▶ WORK TASK: Your answer should hold only the lines from the one containing "Spiegel wit, Ophalen, Rechthoekig, Minder" through the last line below, copied exactly; pictures stay out.

▶ EXTRACTED DATA:
=====
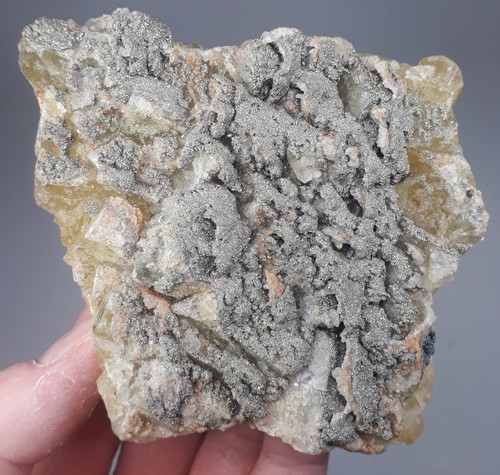 Pyrit fluorit grube - fluorit,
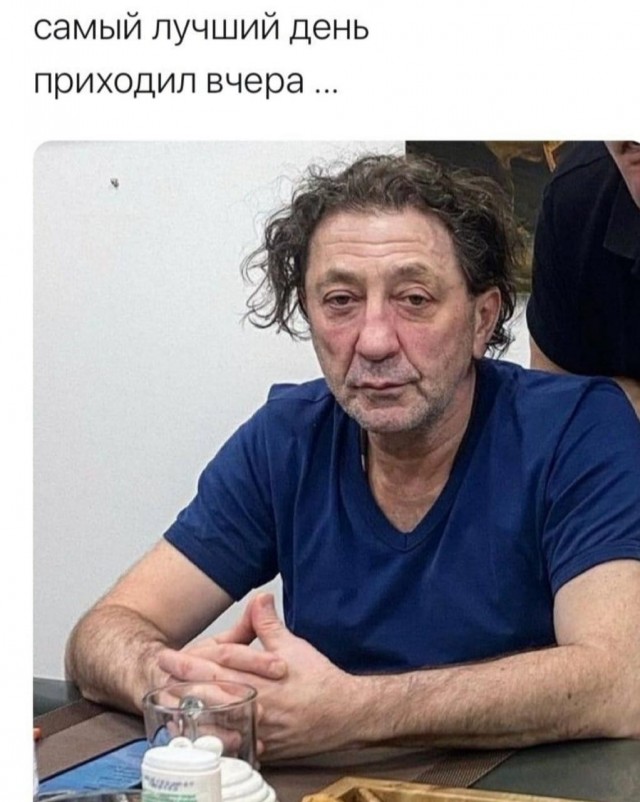 "Он играл в нарды. Пришёл Лепс. Потребовал, чтобы его пустили играть. Сказал, что ставит 10 тысяч долларов. Достал пачку пятитысячных рублёвых купюр"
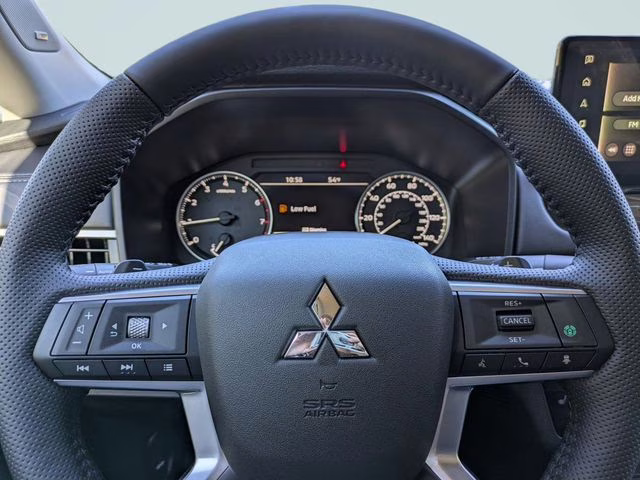 2026 White Diamond Mitsubishi Outlander SE FWD SUV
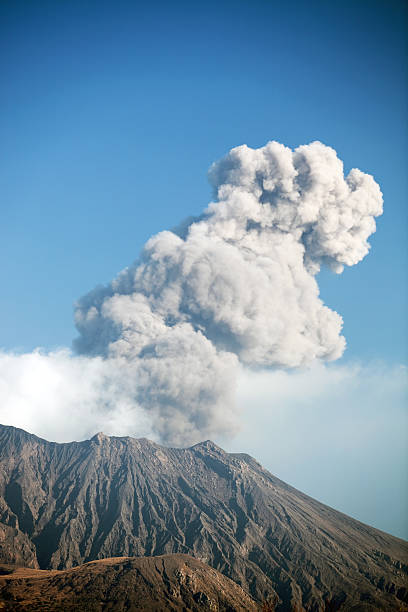 éruption volcanique de sakurajima volcan - geothermy photos et images de collection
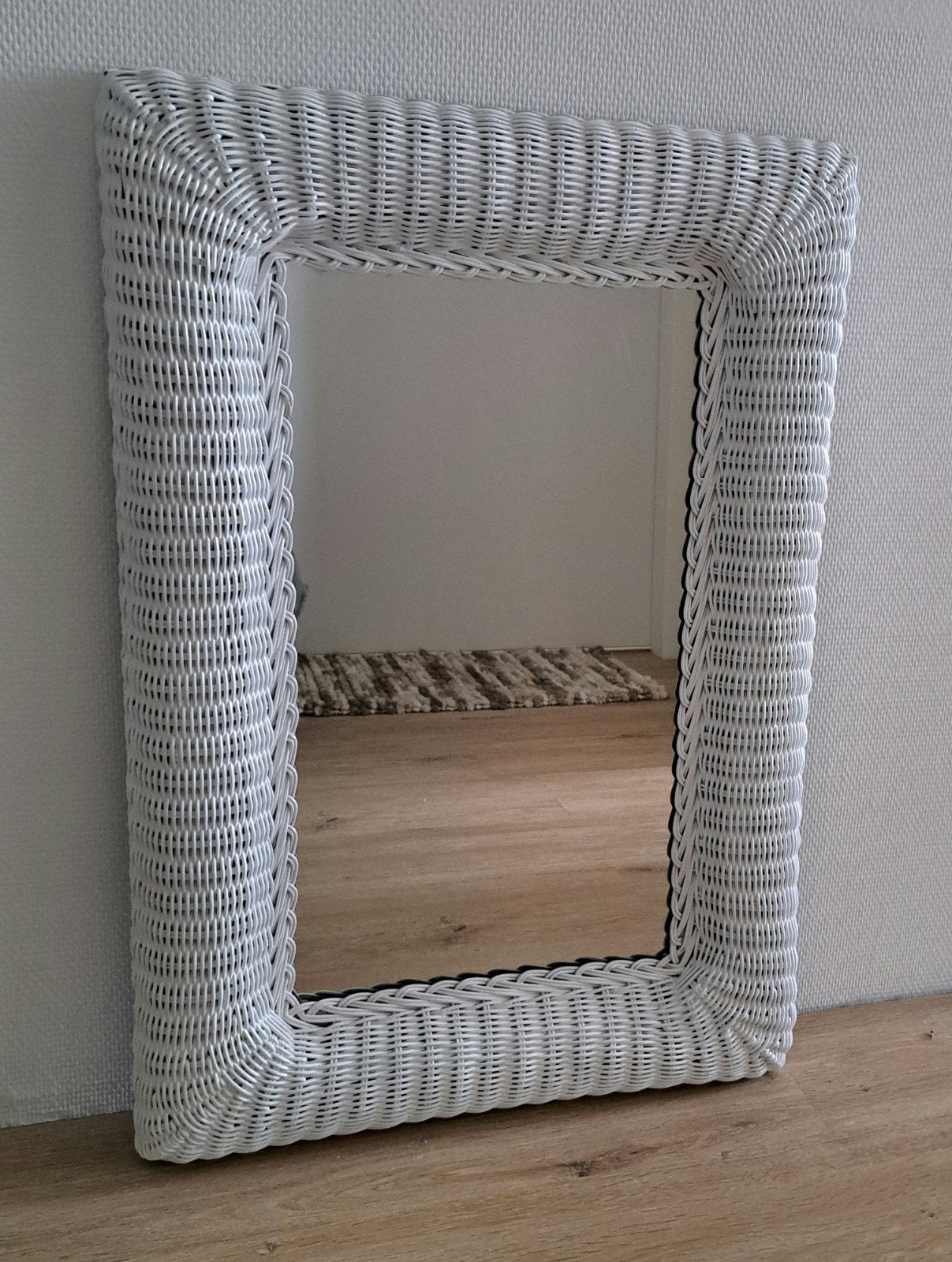 Spiegel wit, Ophalen, Rechthoekig, Minder dan 50 cm, Minder dan 100 cm
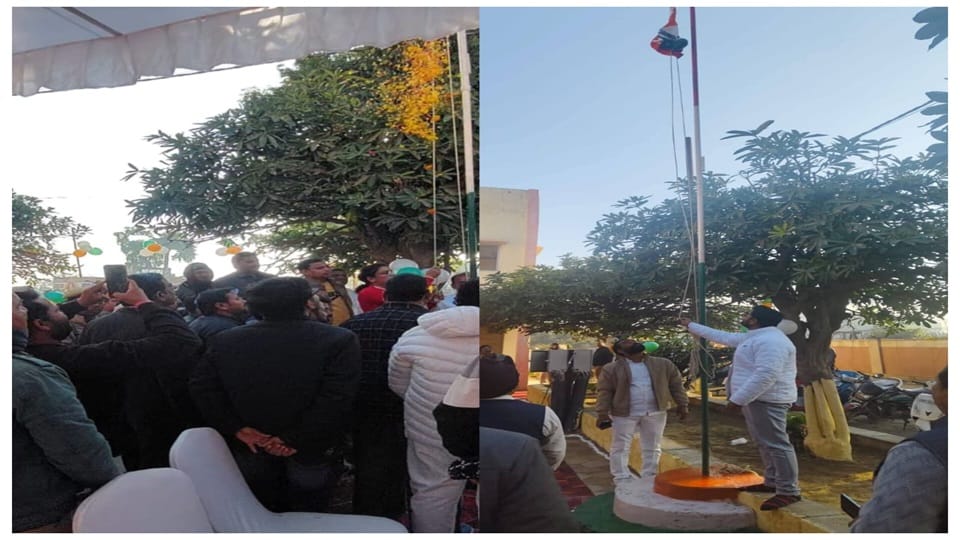 Flag hoisting twice in Hathras Nagar Palika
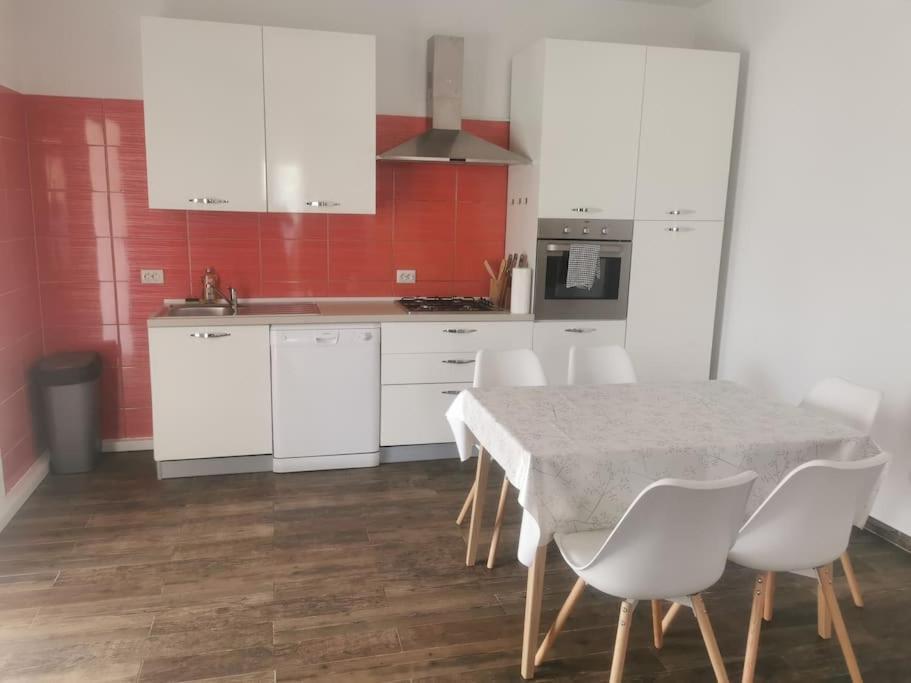 Apartmani Viktorija فاجانا المظهر الخارجي الصورة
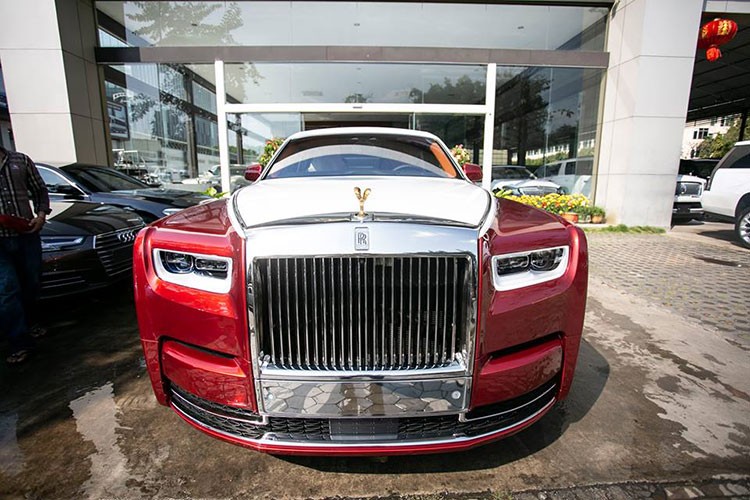 Mới đây, một đại gia Campuchia đã tậu 1 chiếc  xe siêu sang Rolls-Royce Phantom 8 cũng mang màu sơn đỏ chót như chiếc xe siêu sang đã có mặt tại Việt Nam. Tuy nhiên, ngoại thất của chiếc Rolls-Royce Phantom thế hệ thứ 8 tại xứ sở chùa tháp lại nổi trội hơn so với chiếc Rolls-Royce Phantom VIII đầu tiên tại Việt Nam.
=====
▶ COMPLETED EXERCISE:
 Spiegel wit, Ophalen, Rechthoekig, Minder dan 50 cm, Minder dan 100 cm
 Flag hoisting twice in Hathras Nagar Palika
 Apartmani Viktorija فاجانا المظهر الخارجي الصورة
 Mới đây, một đại gia Campuchia đã tậu 1 chiếc  xe siêu sang Rolls-Royce Phantom 8 cũng mang màu sơn đỏ chót như chiếc xe siêu sang đã có mặt tại Việt Nam. Tuy nhiên, ngoại thất của chiếc Rolls-Royce Phantom thế hệ thứ 8 tại xứ sở chùa tháp lại nổi trội hơn so với chiếc Rolls-Royce Phantom VIII đầu tiên tại Việt Nam.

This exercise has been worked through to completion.